AVAILABLE RECORDS:
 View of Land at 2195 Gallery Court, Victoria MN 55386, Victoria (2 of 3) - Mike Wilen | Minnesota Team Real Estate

* * *

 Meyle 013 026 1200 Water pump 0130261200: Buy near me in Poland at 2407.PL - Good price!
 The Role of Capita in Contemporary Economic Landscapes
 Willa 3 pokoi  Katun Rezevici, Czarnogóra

TASK BRIEF: Everything above from the line containing "The Role of" through the line containing "Willa 3 pokoi" must be copied exactly. Nothing outside that range belongs in the answer.

TASK ANSWER:
 The Role of Capita in Contemporary Economic Landscapes
 Willa 3 pokoi  Katun Rezevici, Czarnogóra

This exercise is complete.